Action item — Take the entries below and print only the lines from the one with "Apartamento, 4 quartos - Foto 6" through the one with "Used Glove box", exactly as they stand, both ends included.

Supplied records —
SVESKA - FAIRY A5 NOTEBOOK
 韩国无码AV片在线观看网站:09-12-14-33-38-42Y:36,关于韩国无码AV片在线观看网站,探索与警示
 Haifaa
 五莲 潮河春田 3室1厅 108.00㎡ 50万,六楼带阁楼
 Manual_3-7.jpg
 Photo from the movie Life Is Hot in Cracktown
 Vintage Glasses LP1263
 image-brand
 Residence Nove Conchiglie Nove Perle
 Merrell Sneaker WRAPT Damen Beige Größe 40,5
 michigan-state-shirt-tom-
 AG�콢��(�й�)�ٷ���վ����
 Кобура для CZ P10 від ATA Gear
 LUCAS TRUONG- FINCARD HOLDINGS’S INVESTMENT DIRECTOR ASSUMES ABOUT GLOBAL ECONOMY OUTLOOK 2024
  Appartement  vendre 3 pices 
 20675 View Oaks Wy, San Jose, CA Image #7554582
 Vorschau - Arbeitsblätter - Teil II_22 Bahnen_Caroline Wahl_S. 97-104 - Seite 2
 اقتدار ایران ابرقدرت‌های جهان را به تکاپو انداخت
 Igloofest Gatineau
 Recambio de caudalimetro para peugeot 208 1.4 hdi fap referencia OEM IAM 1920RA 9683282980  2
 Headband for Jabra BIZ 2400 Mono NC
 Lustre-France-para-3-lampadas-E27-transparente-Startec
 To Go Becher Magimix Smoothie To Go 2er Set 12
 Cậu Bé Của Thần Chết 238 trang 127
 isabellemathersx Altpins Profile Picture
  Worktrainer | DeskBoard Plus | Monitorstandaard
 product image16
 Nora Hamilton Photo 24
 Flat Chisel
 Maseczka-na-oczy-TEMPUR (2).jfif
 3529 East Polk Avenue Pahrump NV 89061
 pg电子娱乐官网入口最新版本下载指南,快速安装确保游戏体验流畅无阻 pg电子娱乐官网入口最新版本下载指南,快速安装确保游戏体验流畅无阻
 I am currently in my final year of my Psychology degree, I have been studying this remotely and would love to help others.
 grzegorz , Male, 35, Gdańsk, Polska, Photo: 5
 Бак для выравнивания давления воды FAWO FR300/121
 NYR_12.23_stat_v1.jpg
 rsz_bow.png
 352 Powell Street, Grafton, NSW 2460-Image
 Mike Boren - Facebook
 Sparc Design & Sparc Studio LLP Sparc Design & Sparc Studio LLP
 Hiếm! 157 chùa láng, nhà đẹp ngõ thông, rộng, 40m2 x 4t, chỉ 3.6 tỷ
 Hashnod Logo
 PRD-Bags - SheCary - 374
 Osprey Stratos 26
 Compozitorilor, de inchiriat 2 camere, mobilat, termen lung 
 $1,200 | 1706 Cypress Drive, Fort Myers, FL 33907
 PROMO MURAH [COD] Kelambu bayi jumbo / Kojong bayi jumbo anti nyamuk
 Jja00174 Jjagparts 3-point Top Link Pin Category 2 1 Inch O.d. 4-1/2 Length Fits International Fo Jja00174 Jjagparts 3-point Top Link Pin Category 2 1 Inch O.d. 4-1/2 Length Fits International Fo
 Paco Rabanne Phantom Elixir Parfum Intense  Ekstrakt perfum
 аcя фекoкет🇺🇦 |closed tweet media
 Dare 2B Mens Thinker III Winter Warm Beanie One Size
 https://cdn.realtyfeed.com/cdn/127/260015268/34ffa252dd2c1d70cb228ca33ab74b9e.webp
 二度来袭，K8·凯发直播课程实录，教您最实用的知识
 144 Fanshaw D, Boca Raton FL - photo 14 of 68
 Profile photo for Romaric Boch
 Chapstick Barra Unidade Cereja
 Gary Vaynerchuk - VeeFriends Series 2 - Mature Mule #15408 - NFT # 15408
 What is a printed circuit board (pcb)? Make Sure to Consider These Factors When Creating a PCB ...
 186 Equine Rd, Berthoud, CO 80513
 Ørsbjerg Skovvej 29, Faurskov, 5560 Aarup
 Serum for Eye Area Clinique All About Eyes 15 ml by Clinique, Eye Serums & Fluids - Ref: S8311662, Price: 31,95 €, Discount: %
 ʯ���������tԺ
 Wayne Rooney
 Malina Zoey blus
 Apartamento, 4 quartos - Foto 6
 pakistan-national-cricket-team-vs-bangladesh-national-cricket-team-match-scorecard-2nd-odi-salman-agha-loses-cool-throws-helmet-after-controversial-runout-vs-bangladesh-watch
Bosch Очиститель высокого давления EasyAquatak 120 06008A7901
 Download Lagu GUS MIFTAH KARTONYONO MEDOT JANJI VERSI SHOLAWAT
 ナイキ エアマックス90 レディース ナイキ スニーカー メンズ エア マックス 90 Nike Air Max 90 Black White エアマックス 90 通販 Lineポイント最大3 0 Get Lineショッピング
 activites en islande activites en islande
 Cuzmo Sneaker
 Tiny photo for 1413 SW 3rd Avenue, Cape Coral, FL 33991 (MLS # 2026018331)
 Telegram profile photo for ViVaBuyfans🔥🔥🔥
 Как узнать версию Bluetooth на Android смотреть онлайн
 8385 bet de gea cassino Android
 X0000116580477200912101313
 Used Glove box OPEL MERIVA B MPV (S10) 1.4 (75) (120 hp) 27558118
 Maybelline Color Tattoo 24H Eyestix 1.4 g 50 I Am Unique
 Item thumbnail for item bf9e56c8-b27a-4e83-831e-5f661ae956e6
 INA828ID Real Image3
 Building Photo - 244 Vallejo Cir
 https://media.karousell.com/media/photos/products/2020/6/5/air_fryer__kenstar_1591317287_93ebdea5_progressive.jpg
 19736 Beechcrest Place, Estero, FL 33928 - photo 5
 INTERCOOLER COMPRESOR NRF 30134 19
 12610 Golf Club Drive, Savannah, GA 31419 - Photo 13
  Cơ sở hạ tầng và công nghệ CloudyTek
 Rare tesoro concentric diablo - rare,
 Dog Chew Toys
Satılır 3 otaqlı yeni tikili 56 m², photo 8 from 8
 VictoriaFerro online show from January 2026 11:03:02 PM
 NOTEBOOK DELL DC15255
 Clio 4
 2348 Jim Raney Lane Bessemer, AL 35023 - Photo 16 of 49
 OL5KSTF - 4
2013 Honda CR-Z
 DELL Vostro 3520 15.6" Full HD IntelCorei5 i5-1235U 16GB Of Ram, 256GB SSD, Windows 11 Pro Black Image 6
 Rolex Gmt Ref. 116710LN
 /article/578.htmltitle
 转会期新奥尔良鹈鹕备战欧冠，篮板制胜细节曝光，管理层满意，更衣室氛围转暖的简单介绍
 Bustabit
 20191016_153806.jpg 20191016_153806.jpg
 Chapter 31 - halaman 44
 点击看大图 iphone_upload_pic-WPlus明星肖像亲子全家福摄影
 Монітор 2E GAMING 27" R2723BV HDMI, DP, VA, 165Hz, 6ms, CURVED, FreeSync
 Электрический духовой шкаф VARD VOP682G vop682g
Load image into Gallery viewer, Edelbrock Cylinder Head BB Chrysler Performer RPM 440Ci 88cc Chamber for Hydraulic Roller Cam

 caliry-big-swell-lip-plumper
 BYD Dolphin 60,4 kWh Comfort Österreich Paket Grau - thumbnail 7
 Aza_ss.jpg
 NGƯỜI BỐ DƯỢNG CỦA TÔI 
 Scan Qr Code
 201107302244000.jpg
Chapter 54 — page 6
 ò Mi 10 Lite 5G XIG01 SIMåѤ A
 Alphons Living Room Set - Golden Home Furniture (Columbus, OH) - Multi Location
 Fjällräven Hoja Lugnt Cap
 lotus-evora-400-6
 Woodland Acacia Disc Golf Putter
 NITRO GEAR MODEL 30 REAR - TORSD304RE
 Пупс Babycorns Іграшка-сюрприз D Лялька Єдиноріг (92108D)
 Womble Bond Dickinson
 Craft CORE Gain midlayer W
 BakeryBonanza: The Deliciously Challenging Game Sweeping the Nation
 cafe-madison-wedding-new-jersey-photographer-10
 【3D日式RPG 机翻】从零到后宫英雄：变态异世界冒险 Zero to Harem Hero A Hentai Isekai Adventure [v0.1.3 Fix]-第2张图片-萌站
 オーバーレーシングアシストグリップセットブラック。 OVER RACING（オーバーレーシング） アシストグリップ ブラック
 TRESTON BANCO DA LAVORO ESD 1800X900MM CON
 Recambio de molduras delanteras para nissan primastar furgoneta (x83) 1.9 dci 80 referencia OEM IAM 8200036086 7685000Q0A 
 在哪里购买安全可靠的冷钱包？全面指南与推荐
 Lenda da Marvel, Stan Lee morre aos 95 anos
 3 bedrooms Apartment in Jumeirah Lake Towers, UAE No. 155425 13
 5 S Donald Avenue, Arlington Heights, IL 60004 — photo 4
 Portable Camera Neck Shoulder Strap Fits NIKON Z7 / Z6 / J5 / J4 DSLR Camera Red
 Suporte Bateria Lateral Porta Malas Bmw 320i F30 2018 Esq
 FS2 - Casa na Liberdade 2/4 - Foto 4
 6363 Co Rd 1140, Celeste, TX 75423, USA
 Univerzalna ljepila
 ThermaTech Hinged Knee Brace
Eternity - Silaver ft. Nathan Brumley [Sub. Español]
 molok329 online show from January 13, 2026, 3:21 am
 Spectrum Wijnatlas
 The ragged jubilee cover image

Response below —
 Apartamento, 4 quartos - Foto 6
 pakistan-national-cricket-team-vs-bangladesh-national-cricket-team-match-scorecard-2nd-odi-salman-agha-loses-cool-throws-helmet-after-controversial-runout-vs-bangladesh-watch
Bosch Очиститель высокого давления EasyAquatak 120 06008A7901
 Download Lagu GUS MIFTAH KARTONYONO MEDOT JANJI VERSI SHOLAWAT
 ナイキ エアマックス90 レディース ナイキ スニーカー メンズ エア マックス 90 Nike Air Max 90 Black White エアマックス 90 通販 Lineポイント最大3 0 Get Lineショッピング
 activites en islande activites en islande
 Cuzmo Sneaker
 Tiny photo for 1413 SW 3rd Avenue, Cape Coral, FL 33991 (MLS # 2026018331)
 Telegram profile photo for ViVaBuyfans🔥🔥🔥
 Как узнать версию Bluetooth на Android смотреть онлайн
 8385 bet de gea cassino Android
 X0000116580477200912101313
 Used Glove box OPEL MERIVA B MPV (S10) 1.4 (75) (120 hp) 27558118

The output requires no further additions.